**Task prompt**
Search the listing below for the line containing "黑五网一旺季备战：NexSCRM跨境客服软件多平台私域承接防线". From there through the line containing "Unique Portland Oregon Gifts: Local & Crafted Treasures Living", transcribe every line exactly, both ends included.

**Given data**
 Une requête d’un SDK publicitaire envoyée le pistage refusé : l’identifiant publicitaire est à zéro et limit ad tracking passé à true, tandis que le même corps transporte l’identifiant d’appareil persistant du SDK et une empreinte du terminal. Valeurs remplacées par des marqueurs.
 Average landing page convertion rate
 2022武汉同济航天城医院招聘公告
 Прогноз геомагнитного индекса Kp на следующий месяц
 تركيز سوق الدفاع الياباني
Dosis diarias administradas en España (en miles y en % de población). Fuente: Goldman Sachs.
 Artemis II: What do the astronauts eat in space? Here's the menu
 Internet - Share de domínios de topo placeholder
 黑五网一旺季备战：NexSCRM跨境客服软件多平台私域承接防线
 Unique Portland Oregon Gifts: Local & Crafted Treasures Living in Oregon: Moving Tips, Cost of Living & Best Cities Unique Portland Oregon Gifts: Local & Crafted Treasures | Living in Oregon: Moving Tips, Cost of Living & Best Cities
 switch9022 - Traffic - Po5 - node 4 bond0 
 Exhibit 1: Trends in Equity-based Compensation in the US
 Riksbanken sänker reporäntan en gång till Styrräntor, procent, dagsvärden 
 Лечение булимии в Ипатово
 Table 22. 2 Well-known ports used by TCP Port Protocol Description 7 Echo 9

**Answer**
 黑五网一旺季备战：NexSCRM跨境客服软件多平台私域承接防线
 Unique Portland Oregon Gifts: Local & Crafted Treasures Living in Oregon: Moving Tips, Cost of Living & Best Cities Unique Portland Oregon Gifts: Local & Crafted Treasures | Living in Oregon: Moving Tips, Cost of Living & Best Cities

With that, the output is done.